Wednesday, November 4, 2015

Sargaĺk Non-Canonical Subjects and Objects

This post originally started out as a post describing an "anti-pegative" sub-system in a language (not necessarily a pegative language). That part of the post has been excised now, and will return in a more focused form.

In many languages, some set of verbs or some constructions cause exceptional patterns of marking. Sargalk has a handful of such verbs as well as constructions. The exceptional verbs are valjan, represent, kotjan, permit, feldar, suggest, surrender, harias, promise, pledge, grant marriage to one's daughter, merenar, replace obj1 with obj2, durenar, offer obj1 as a trade for obj2, rigmar, to lack, suldin, to assert the truth of what one's previously said, švudar, to stink, smiral, to stretch something.

In the following discussion, note that only pronouns distinguish the accusative from the nominative.

These follow a few different patterns - valjan and harian have subject = pegative, recipient = nominative, object= pegative. In constructions where any argument is omitted, the cases remain unchanged with these two verbs.

Kotjan and feldar have the direct object in the locative case, and the other two arguments are nominative. Merenar has the direct object in the pegative, and the other in the instrumental. These cases are not impervious to changes.

Harias takes the direct object in the pegative, and the other two arguments in the accusative.

Merenar has its subject in the nominative, the replaced object in the pegative, and the replacement in the lative. The subject can be omitted, and the replaced object will have verb congruence, but pegative marking. Durenar follows the same pattern, with the exception that the replacement can be in the nominative or accusative as well.

Rigmar has its subject in the pegative, and the object in the accusative. Suldin has its subject in the pegative, and no direct or indirect object appears. An eventual recipient of the assertion is in the lative, and any semantic object is really either in another VP or embedded as a subclause.

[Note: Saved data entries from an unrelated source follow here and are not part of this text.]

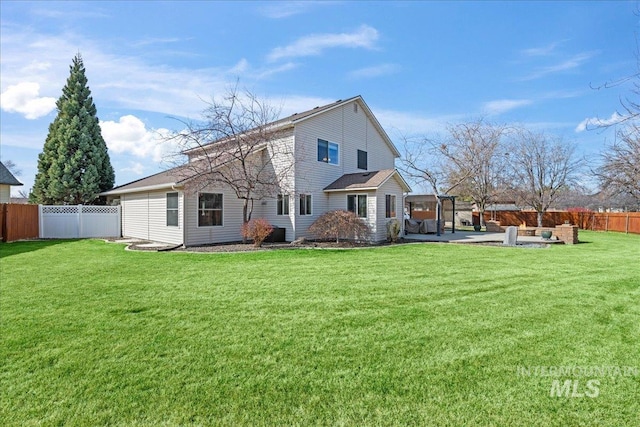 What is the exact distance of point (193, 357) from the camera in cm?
337

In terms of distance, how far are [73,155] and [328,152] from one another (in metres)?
16.7

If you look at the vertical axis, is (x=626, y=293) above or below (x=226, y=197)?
below

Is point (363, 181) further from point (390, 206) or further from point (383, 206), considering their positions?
point (390, 206)

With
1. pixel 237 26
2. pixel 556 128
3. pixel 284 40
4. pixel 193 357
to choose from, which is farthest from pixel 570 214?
pixel 193 357

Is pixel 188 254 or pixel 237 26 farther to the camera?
pixel 188 254

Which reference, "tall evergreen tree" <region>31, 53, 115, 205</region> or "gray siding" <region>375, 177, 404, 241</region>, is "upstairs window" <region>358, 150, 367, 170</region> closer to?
"gray siding" <region>375, 177, 404, 241</region>

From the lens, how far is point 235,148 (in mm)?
13836

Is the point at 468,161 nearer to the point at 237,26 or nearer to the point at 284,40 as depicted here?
the point at 284,40

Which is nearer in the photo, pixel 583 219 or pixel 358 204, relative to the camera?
pixel 358 204

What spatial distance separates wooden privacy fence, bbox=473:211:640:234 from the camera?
22406 millimetres

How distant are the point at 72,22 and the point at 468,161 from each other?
25.7 metres

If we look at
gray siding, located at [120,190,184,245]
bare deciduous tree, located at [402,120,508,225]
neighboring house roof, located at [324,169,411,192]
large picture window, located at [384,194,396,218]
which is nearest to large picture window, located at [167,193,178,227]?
gray siding, located at [120,190,184,245]

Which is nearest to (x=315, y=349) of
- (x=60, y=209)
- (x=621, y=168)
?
(x=60, y=209)

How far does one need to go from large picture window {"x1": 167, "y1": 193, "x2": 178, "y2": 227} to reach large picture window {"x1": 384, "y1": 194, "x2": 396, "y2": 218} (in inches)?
355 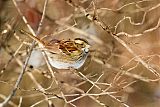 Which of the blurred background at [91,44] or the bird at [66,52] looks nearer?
the bird at [66,52]

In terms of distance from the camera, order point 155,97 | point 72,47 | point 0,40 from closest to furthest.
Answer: point 72,47
point 0,40
point 155,97

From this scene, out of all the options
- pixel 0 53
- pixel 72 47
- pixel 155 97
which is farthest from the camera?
pixel 155 97

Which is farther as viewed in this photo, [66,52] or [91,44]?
[91,44]

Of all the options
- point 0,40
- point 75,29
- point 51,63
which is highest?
point 75,29

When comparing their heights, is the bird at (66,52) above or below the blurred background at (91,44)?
below

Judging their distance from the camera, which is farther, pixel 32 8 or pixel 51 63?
pixel 32 8

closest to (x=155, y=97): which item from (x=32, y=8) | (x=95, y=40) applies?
(x=95, y=40)

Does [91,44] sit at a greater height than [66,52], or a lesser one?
greater

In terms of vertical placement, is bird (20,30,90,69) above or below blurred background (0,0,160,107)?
below

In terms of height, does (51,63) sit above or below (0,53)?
below

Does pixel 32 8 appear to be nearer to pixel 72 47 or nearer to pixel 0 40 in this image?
pixel 0 40

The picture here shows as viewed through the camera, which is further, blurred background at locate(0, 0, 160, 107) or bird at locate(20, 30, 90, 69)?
blurred background at locate(0, 0, 160, 107) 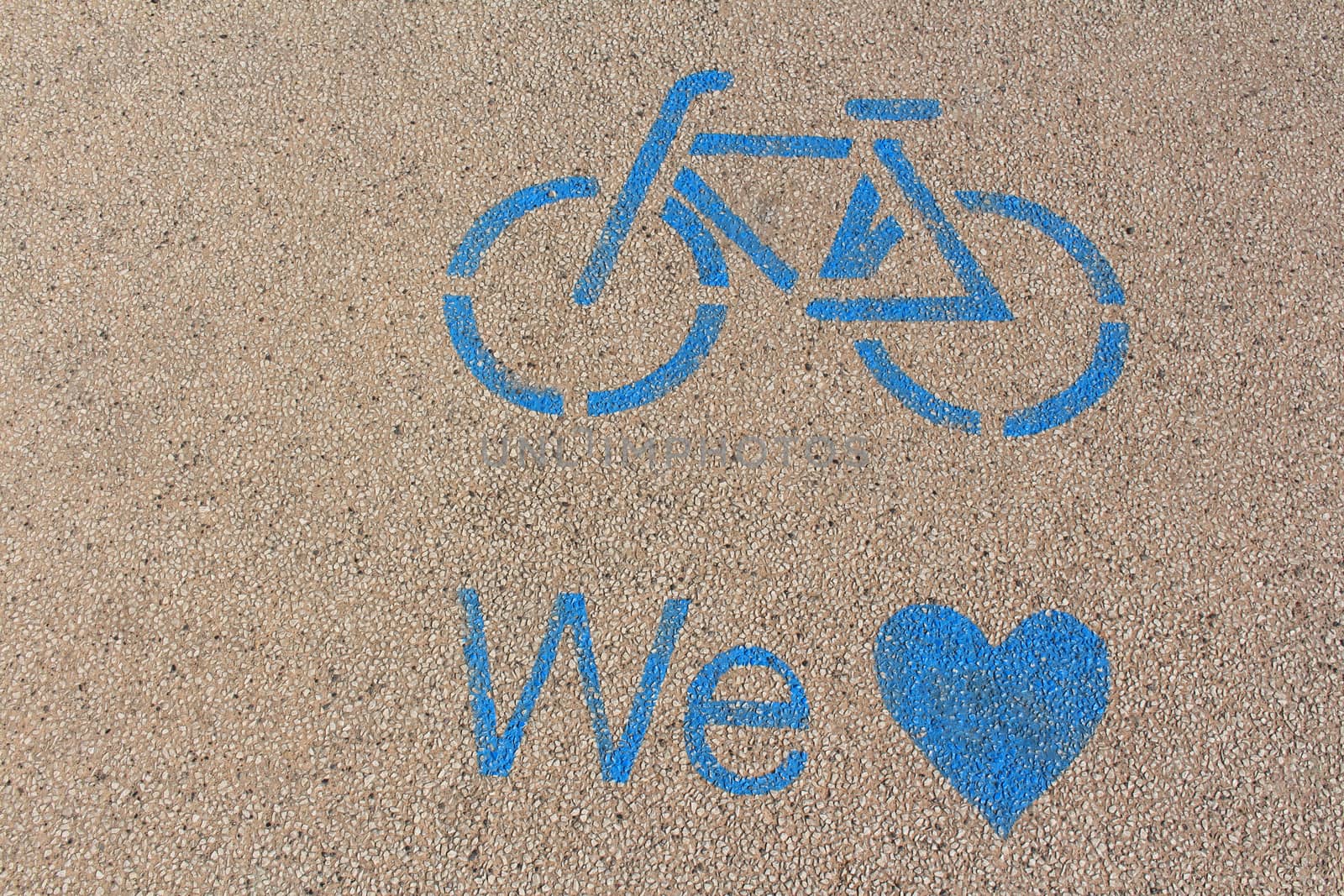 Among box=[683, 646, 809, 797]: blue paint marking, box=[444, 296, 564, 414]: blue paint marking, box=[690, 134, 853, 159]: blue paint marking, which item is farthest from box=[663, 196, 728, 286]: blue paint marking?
box=[683, 646, 809, 797]: blue paint marking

Švudar can have either the emitter of the stench or the emitted stench in the pegative, and the other NP in the accusative. Smiral has a nominative subject, pegative direct object, and nominative indirect object (generally the location to which something stretches). The (causative) subject can be omitted, turning the direct object into a new subject, which is then still marked with pegative and triggers subject congruence.